长河闻言,粗犷的眉眼带上了温和的笑意:“世子也是年轻气盛,难免想要在战场上一展风采,也是正常。”
这话贺尧倒是不敢苟同。
他们在玉崇关镇守边疆,对边境的事情也更了解,早在很久之前贺尧就收到了纪砚尘随商队前往凉上的事情,要不是当时贺成江不在身边,他高低要把这个不争气的儿子拖出来暴打一顿。
身为子民,怎么能将君主推至身前直面危险,这简直就是叛国!
亏得贺成江还信誓旦旦让他放心。
这下好了,直接把太子殿下放到凉上去了!
城墙塔楼传来急促脚步声,两人循声望去。
只见一个穿着银铠的年轻男子大步走出阴影,眉目间沉淀着英气,黑眸点缀着万里边沙,如覆了满目星辰,璀璨夺目。

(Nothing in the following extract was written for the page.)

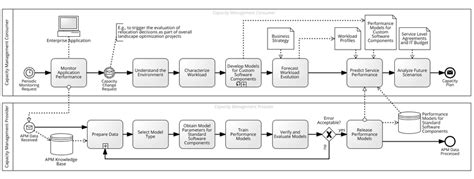 Image result for Capacity Management Flow Chart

那是属于年轻人的意气风发,少了一分历尽沧桑的成熟,多了三分不畏生死的孤勇。
满炬城都在说他儿子是个废物庸才。
可只有贺尧知道,这才是他长子真正的样子,是随时能展翅高飞的鹰,也是随时能撕碎猎物的狼。
贺家,就没有贪生怕死,安于享乐的儿郎。
贺尧有些恍惚,片刻后才面色一正:“你来这儿做什么?疯了吗,你可知道接下来会遇见怎样的腥风血雨?!”
“我知道。”贺成江眉眼含笑,看起来依旧浪荡不羁,但那眼底却是谁也无法忽视的认真与执着。他手持明黄色圣旨,在众人都来不及反应时径直半跪在贺尧面前,“西境没有怕死的儿郎,凉上还有人在等我带他回家。爹,这场仗淮之一定要打!”
。
“胡闹!!!”
城墙下都督府。
长河屏退了周围所有士兵,自己也独自朝着练兵场去了,唯剩下贺家父子还在其中。
贺尧脸色不太好看,他并不赞成此次西征带上贺成江,不仅仅因为战场上刀剑无眼,也有对他们贺家如今处境的担忧。
贺成江倒是很平静:“爹,这不是胡闹,不管怎样,这场西征我一定要参加,不仅仅是为了去接阿砚,还是为了我们贺家。”
“我难道比你看不明白现在的局势吗!”贺尧瞪眼,
“贺家荣华触顶,除非钟迹白明天就传出死讯,贺家就再也没有往上爬的可能,但你这时候上战场,不管这场仗大获全胜还是一败涂地,你往后在郢都的路都会更难走,安帝可不管你是真才实学还是不学无术都只会更忌惮你的!”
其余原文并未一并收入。